A few examples from the Majlis, which deals with creation, prophecy and Shî‘i-related notions of guidance, would serve to show how extensively al-Shahrastânî was influenced by Ismâ‘îlî teachings. Similarly to the Iranian Ismâ‘îlî dâ‘îs, he expounds the absolute transcendence of God beyond being and non-being, and beyond comprehension by human reason. As a result, he levels harsh criticisms at the Mu‘tazila, the Ash‘arîs and other theological schools for compromising the unity of God through anthropomorphism (tashbîh) or by denying God any attributes (ta‘tîl) (pp. 92, 98-99). This concept of God's transcendence is more fully developed in the Kitâb al-Musâra‘a, where al-Shahrastânî refutes the alternative Avicennan concept of the wajib al-wujûd, or God as the "Necessary Being." Again, in line with the position of the Ismâ‘îlîs, for al-Shahrastânî, too, the divine order, or amr, acts as an intermediary between God and His creation, or khalq (pp. 80-81); he also adheres to the Ismâ‘îlî distinctions between the spiritual world, the ‘âlam al-amr, corresponding to the ‘âlam al-ibdâ‘ of Ismâ‘îlî cosmogony, and the physical world, the ‘âlam al-khalq.

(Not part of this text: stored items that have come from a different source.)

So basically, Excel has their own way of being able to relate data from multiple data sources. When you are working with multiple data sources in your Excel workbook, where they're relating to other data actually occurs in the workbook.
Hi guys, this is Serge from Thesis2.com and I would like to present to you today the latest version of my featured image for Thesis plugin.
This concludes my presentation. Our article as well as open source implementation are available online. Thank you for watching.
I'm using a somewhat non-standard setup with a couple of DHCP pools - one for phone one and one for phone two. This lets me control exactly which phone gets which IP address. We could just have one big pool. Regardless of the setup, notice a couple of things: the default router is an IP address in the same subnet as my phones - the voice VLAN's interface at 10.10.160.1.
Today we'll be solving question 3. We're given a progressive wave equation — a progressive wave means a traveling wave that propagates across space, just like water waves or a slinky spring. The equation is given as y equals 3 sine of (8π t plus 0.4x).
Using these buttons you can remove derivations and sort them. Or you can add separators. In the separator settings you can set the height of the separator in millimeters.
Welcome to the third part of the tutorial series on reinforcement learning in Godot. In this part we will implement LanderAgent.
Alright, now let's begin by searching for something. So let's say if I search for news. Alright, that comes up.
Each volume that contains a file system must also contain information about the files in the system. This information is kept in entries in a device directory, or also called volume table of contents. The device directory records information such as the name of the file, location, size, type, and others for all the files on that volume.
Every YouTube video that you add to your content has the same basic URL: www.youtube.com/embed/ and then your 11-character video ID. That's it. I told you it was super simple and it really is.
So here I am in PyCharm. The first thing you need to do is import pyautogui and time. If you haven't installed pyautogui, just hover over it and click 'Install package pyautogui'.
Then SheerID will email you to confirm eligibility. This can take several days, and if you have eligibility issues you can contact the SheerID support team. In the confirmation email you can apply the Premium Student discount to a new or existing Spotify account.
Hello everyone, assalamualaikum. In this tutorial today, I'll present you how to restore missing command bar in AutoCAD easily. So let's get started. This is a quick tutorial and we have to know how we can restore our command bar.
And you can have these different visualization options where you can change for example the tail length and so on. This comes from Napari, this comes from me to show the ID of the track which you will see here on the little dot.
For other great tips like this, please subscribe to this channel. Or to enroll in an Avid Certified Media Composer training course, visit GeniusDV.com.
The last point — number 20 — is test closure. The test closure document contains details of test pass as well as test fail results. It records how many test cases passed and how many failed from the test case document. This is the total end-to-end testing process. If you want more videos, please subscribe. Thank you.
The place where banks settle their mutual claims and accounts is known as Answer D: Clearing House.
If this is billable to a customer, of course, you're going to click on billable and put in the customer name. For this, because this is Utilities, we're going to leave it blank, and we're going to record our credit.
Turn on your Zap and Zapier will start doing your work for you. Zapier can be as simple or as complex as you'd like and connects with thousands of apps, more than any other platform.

In his treatment of prophecy (nubuwwa), and the process of guidance (hidâyat) needed by human beings, al-Shahrastânî draws on the Ismâ‘îlî cyclical conception of time and prophetic eras (pp. 84-86); and, throughout the Majlis, he presents angels as intermediaries in creation and prophets and their successors (the ulu al-amrs and imâms) as intermediaries in guidance. Thus, he argues, in a Shî‘i-Ismâ‘îlî sense, for the necessity of guidance by imâms. Reflecting more specifically Nizârî influences, he introduces the figure of qa’im and depicts ‘Alî b. Abî Tâlib as such an eschatological figure (pp. 87, 93-94, 109). As it is known, the Nizârîs of the Alamût period taught that starting with ‘Alî every imam was potentially an imâm-qa’im. The Majlis sermon concludes with a mystical disputation between Moses and the Qur’ânic figure […] (pp. 101-7), another figure of importance in Nizârî thought. Later, the Nizârîs identified Khidr with Dhû al-Qarnayn, the imâm-qa’im of the prophetic era initiated by Moses. All this explains why the Majlis has been listed as an Ismâ‘îlî work in I. K. Poonawala's Biobibliography of Ismâ‘îlî Literature ([Malibu, Calif., 1977], 256).
A closer study of the Majlis and other Ismâ‘îlî-inspired works of al-Shahrastânî will be invaluable not only for appreciating the complex religious thought of this scholar and his intellectual heritage, but also for a better understanding of the doctrines of the Nizârî Ismâ‘îlîs of the Alamût period whose literature has perished almost completely. Diane Steigerwald has rendered great service in offering this volume, which now makes the Persian text of the Majlis more readily accessible while her excellent annotated French translation, appearing on opposite pages, contextualizes al-Shahrastânî's thought and draws attention to parallels in Ismâ‘îlî sources.